ARGYRIS, C., et SCHÖN, D.A. (1974). Theory in Practice : Increasing Professionnal Effectiveness. San Francisco : Jossey-Bass.

ARGYRIS, C., et SCHÖN, D.A. (1978). Organizational Learning : A Theory of Action Perspective.  Mass. : Addison Wesley Reading.

LEMAÎTRE, P. (1994) "À propos des recherches d'Henry Mintzberg sur le travail du manager" Revue française de gestion, n° 97, 67-72.

MINTZBERG, H. (1984)  Le management au quotidien:  les dix rôles du cadre.  Montréal: Agence d'ARC. 

PELLETIER, G. (1994) De l'innovation aux savoirs d'action. Collection Questions d'éducation. Rennes : Presses Universitaires.

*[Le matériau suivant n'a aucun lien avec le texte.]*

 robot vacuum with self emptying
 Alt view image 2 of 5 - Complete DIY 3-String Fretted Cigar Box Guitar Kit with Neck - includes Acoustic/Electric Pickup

PELLETIER, G.  (Éd.)(1999) Former les dirigeants de l’éducation. Bruxelles-Paris : Éd. de Boeck.

SCHÖN, D.A. (1983) The Reflective Practitioner : How Professionnals Think in Action,  Boston : Basic Books Inc., 374p.

SCHÖN, D.A. (1987) Educating the Reflective Practitioner. San Francisco : Jossey-Bass Publishers.,



[1]    D’autres textes sont disponibles sur le site http://mapageweb.umontreal.ca/pelletie/.

[2]   Voir notamment Lemaître (1994).

[3]  Voir, entre autres, les ouvrages d'Argyris et Schön (1974, 1978) sur ce sujet. J'ai aussi abordé cette problématique dans De l'innovation aux savoirs d'action (1994) et dans Former les dirigeants de l’éducation (1999).

[4]  C'est notamment le cas aux États-Unis.

[5]  En France, ce jeu correspond au jeu de l'oie.